Scraped caption text data
== == ==

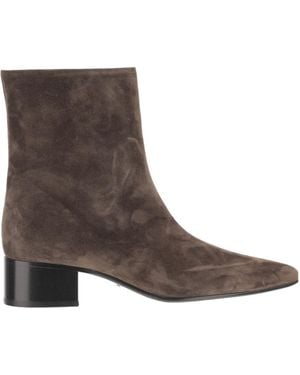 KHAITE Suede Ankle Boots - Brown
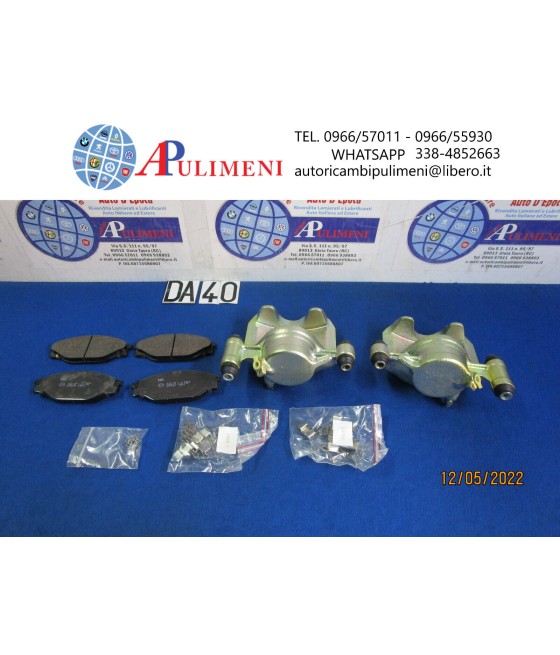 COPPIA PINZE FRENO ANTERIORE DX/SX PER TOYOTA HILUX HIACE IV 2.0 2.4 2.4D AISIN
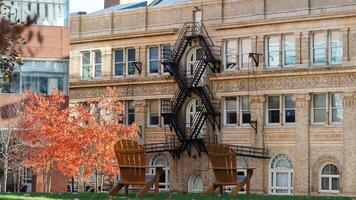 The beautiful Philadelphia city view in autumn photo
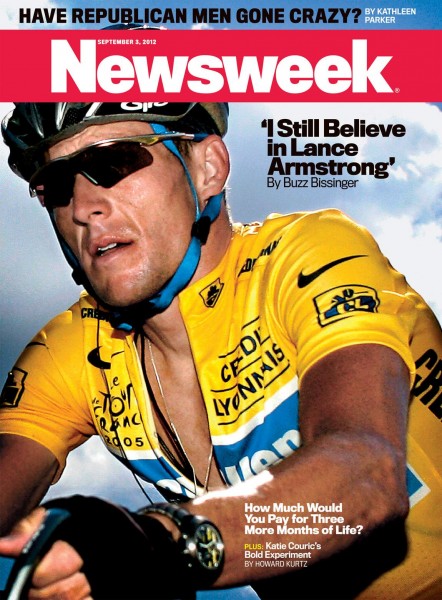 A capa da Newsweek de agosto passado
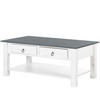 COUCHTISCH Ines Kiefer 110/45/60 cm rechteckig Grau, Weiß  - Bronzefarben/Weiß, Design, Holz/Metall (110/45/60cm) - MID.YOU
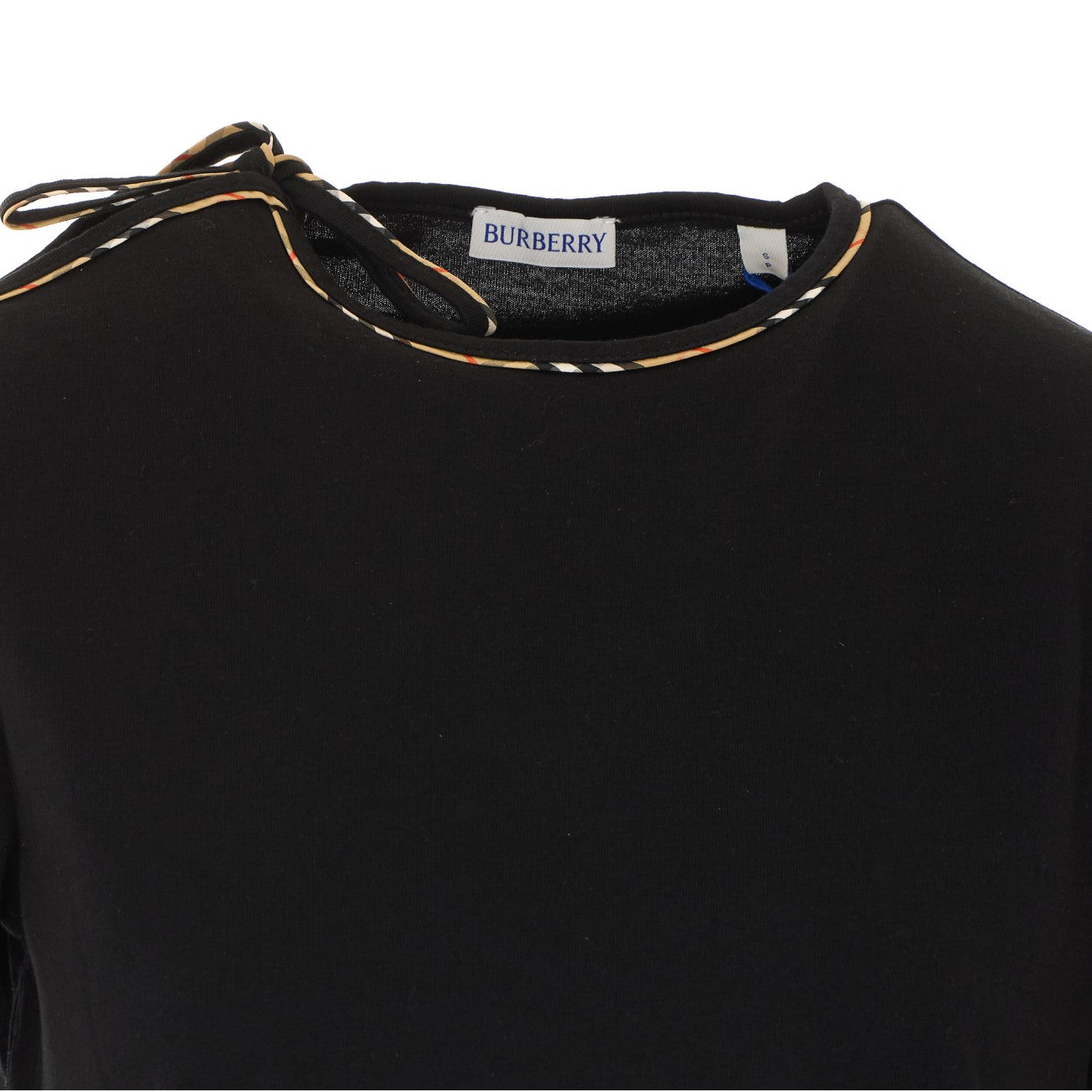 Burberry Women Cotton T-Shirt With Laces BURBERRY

== == ==

» **Work task**:
Start at the line that contains "A capa da Newsweek de agosto passado" and retype every line through the end of the entries above, both ends included. Exclude all pictures.

» **Task result**:
 A capa da Newsweek de agosto passado
 COUCHTISCH Ines Kiefer 110/45/60 cm rechteckig Grau, Weiß  - Bronzefarben/Weiß, Design, Holz/Metall (110/45/60cm) - MID.YOU
 Burberry Women Cotton T-Shirt With Laces BURBERRY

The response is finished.